Data below START

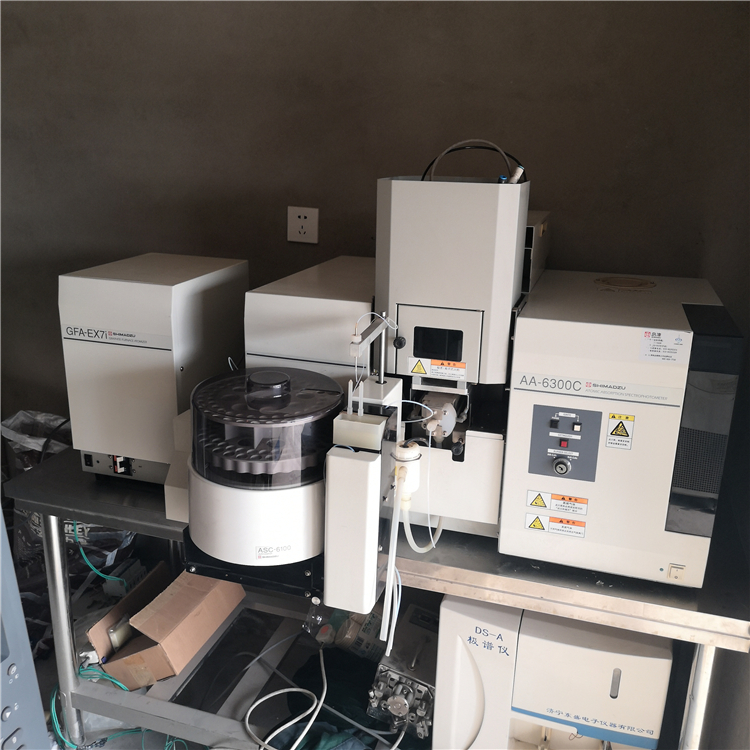 回收出售二手实验室仪器设备 液相色谱仪 原子吸收分光光度计_液相色谱仪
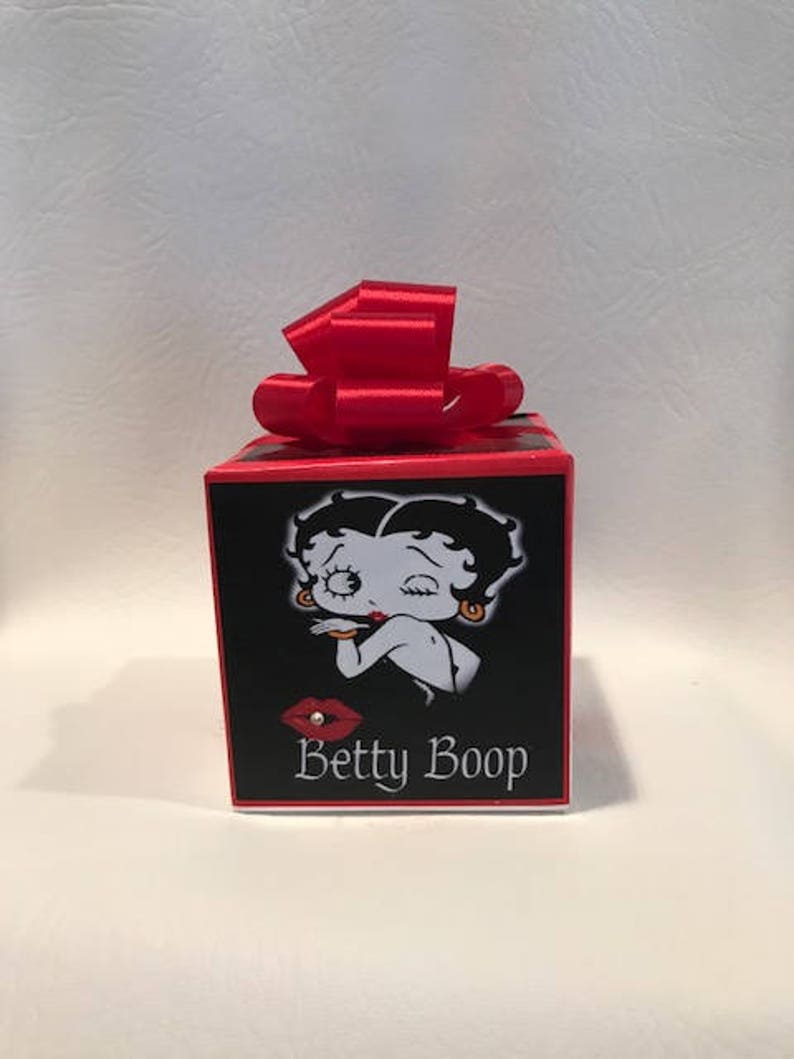Betty Boop Music box wrapped as a gift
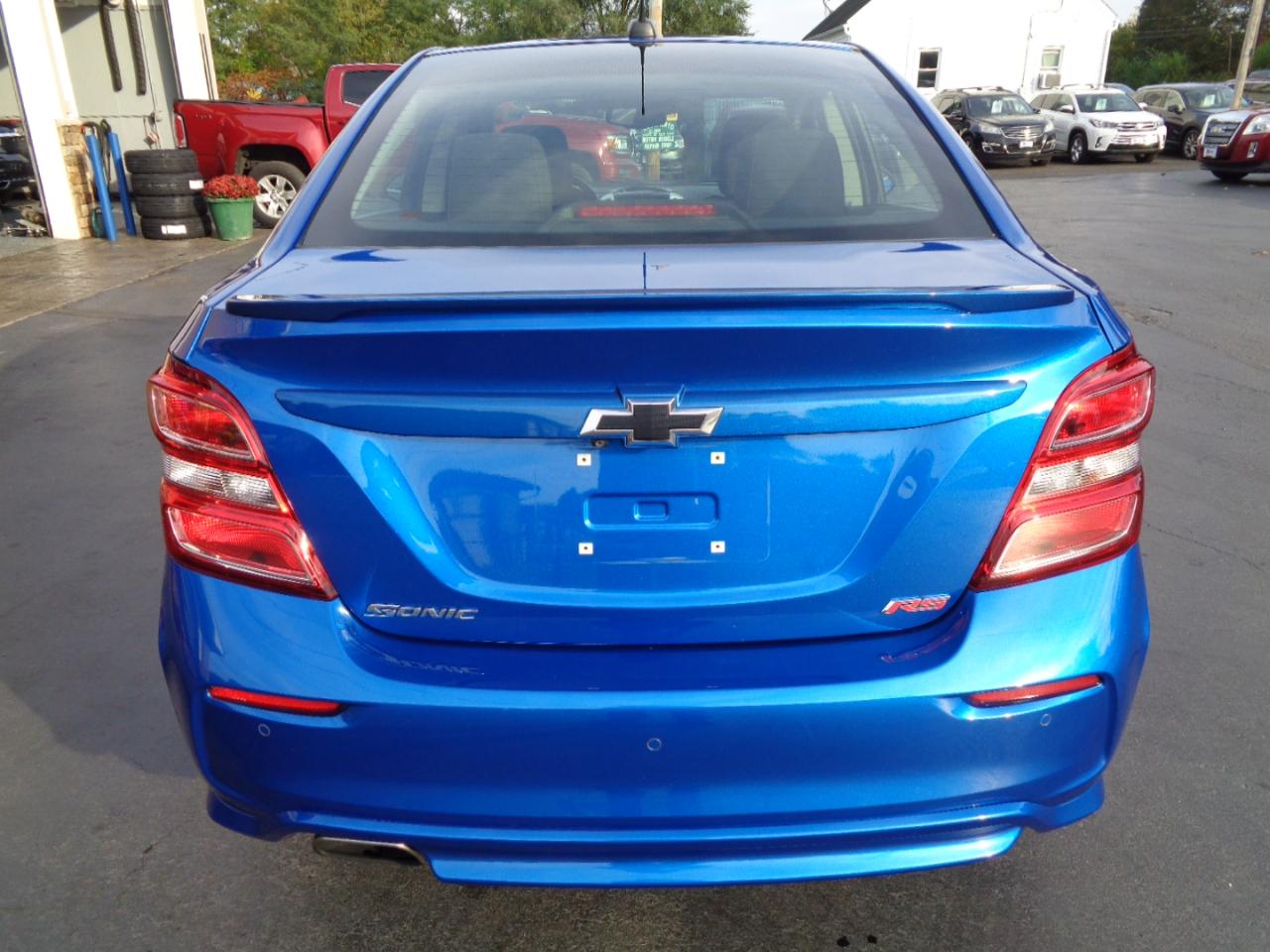 Chevrolet Sonic 4dr Sdn LT 2020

Data below END

◆ What is expected: Without the pictures, repeat the line with "Betty Boop Music box wrapped as a gift" and every line after it to the end of the listing, and nothing else.

◆ Reply:
Betty Boop Music box wrapped as a gift
 Chevrolet Sonic 4dr Sdn LT 2020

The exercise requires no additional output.